One factor that I think may account for any variance, then just as now, you had knife nuts, and then you had a working guy who really didn't care about a knife, but needed one in his working day. I'd bet that there was a ton of cheap iron bolster knives that got worn down or broken being used and abused. Pried with, not oiled and rusted up, and tossed out. To some foldks, a knife is just a weird shaped screw driver or can opener. If it breaks, they just go get another one.

Then you'd have the guys like us, the afflicted and obsessed. The knife nuts. They would buy a nice higher dollar trapper or two blade jack, and treat it right. Make it last for 20 years or more, then hand it down to a grandson who would treat it like the family sword of old.
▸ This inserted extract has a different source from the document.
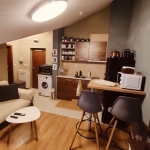 Двустаен апартамент в Разлог - 38 кв.м за 1211 €/кв.м - Снимка #1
The fact that the old catalogues show both extremisms of product, the cheap single blade iron bolster, and the nice mother of pearl gentleman's pocket knife, bears out a wide customer base.

Carl.

All true, and to me, spot on. My grandfather was indeed a "working man", and knives were simply tools. He never fondled or caressed his knives, never collected any and only bought a new one when he wore out the one he had or found one that would do what he wanted better than the one he had.

My father like nicer knives, and had a few. He started out blue collar in the 30's, but then went to white collar. He bought some nicer knives with fancier scales on them, but with his upbringing and three kids at home couldn't justify paying a day or two of wages on a pocket knife. He is the one that settled me on CASE and Boker early on back in the 60s. At that time those two made classic working and hunting patterns of great build and great utility value. Plus, a bunch of them were good looking, too!

I would find fault though with the idea of a working man that makes about $45,000 year. The carpenters that work for me average (some higher, some lower) $20 an hour. Carpenter's helpers make $10 to $12, with a good one making $15 if his lead man thinks he is worth it. My painter is $20, his helper is $12. My laborers are paid $10. Certified Journeyman, licensed plumbers and electricians make the most and might make the 45K mark. Their helpers make about $15. My roof repair tech makes $35 an hour, so he would make your estimate, but he only works when he can which is about half of the year.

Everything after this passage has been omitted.